■ Provided records:

==============================

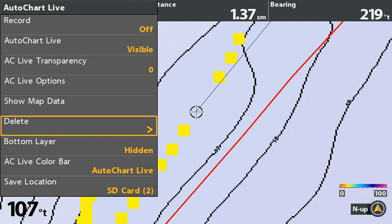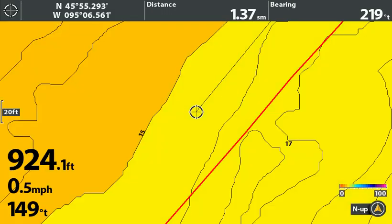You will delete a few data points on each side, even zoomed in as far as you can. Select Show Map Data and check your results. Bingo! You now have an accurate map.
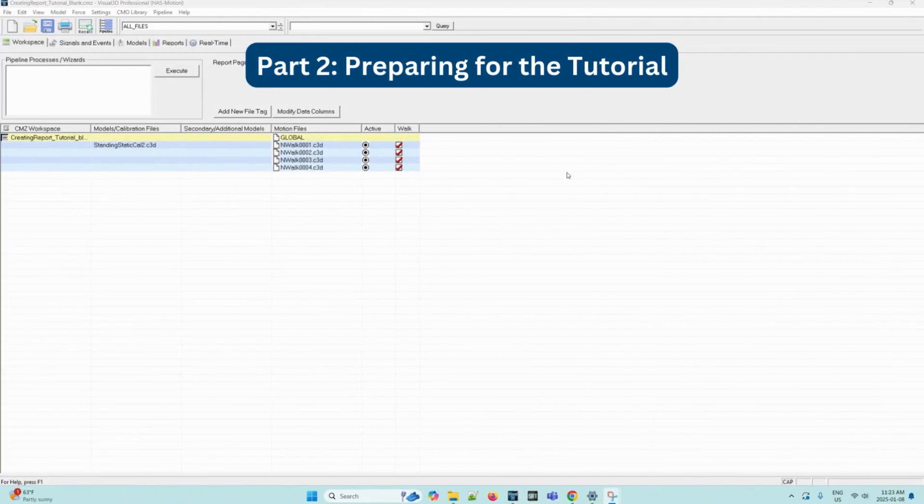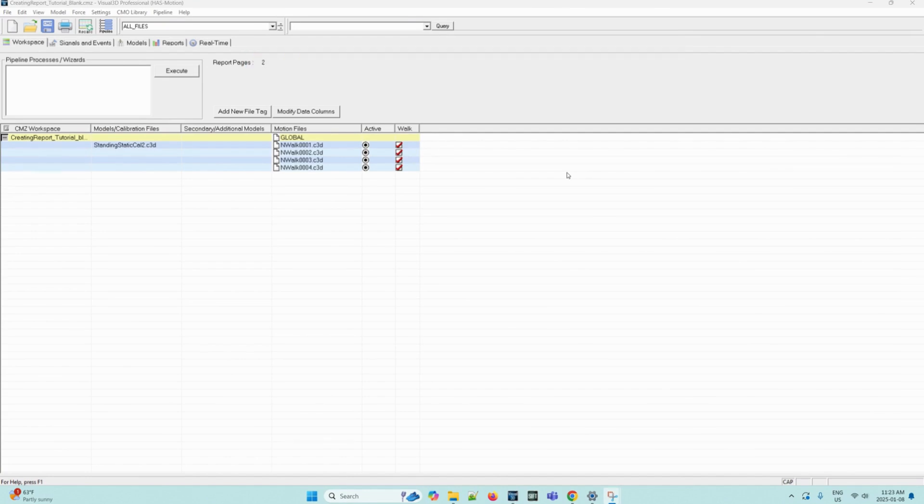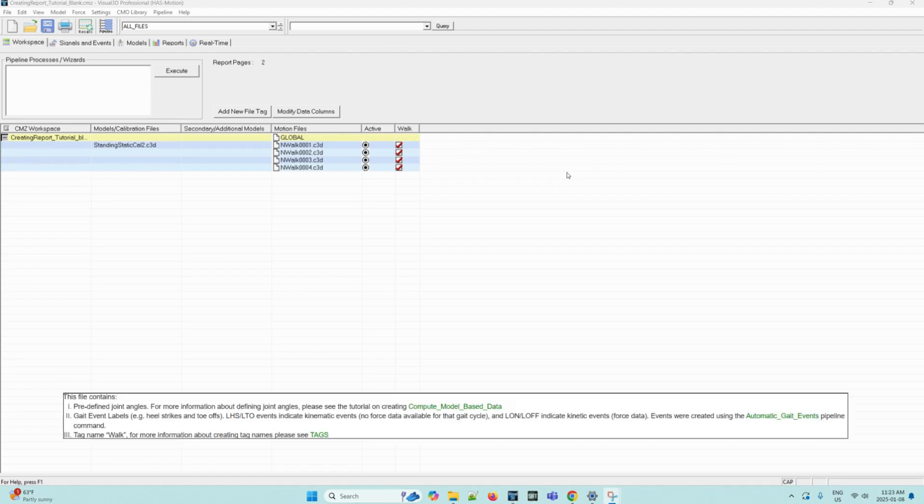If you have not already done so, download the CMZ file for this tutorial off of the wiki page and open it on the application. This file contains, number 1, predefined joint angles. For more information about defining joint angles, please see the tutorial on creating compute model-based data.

==============================

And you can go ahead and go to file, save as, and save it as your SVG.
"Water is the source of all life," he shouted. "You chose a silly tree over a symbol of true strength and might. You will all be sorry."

==============================

■ Exercise description: Starting from the line with "You will delete" in the records above, repeat each line exactly until you have written the line with "If you have", then stop; drop the pictures.

■ Written solution:
You will delete a few data points on each side, even zoomed in as far as you can. Select Show Map Data and check your results. Bingo! You now have an accurate map.
If you have not already done so, download the CMZ file for this tutorial off of the wiki page and open it on the application. This file contains, number 1, predefined joint angles. For more information about defining joint angles, please see the tutorial on creating compute model-based data.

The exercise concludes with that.